Last month nine UK senior judges ordered the sanctions against the Tehran-based lender be removed after labelling the measures as "irrational". But Britain's treasury is now seeking to reinstate the listing through European Union courts. The treasury is attempting to intervene in the EU Council's appeal against an earlier decision by the EU General Court to declare EU sanctions against Bank Mellat as unlawful.
"The treasury's evidence has been found wanting by the highest court in the UK. These continued actions at the EU are an attempt to maintain sanctions against Bank Mellat by the back door," said Sarosh Zaiwalla, senior partner at Zaiwalla & Co, Bank Mellat's London law firm.
It is requesting the European Court of Justice to strike out the treasury's intervention.
Bank Mellat has branches in Turkey, South Korea and London. The lender has a presence in Dubai through Persia International Bank, Bank Mellat's 60 per cent-owned subsidiary.
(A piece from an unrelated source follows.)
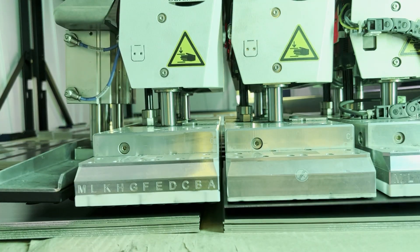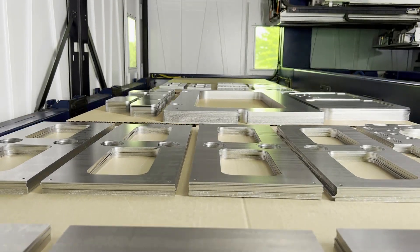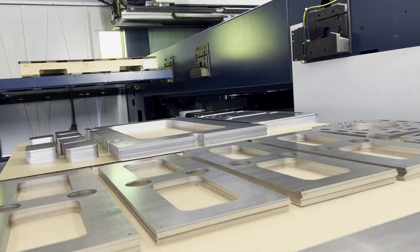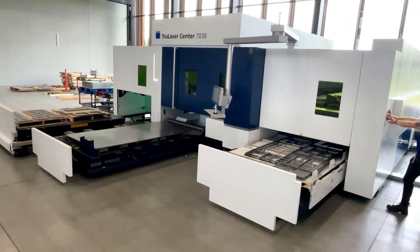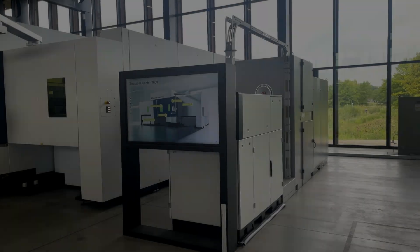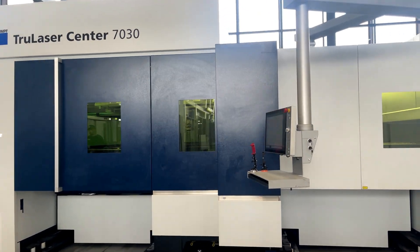When the Sort Master Speed arrives over the palletizing platform, it neatly stacks and organizes parts based on part size, job, or priority. These pallets can be accessed in parallel to production for the removal of completed jobs or finished parts without causing disruption to the cutting process. This keeps workflow and throughput at maximum levels.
The assets of the branch, along with Bank Mellat's global assets, were frozen in 2010 as a result of EU sanctions.
Bank Mellat was first put on the UK sanctions list in 2009.
As a result of the loss at the Supreme Court, the UK government already faces a bill of several hundred million pounds in damages that Bank Mellat is seeking for loss of business. Further delay at the European Court is likely to increase this sum, said Zaiwalla & Co.
The European General Court told governments in the EU last January to ease asset freezes against Bank Mellat and Bank Saderat, ruling that the EU had failed to provide sufficient evidence the banks were involved in financing Iran's nuclear programme. The EU Council had appealed that decision.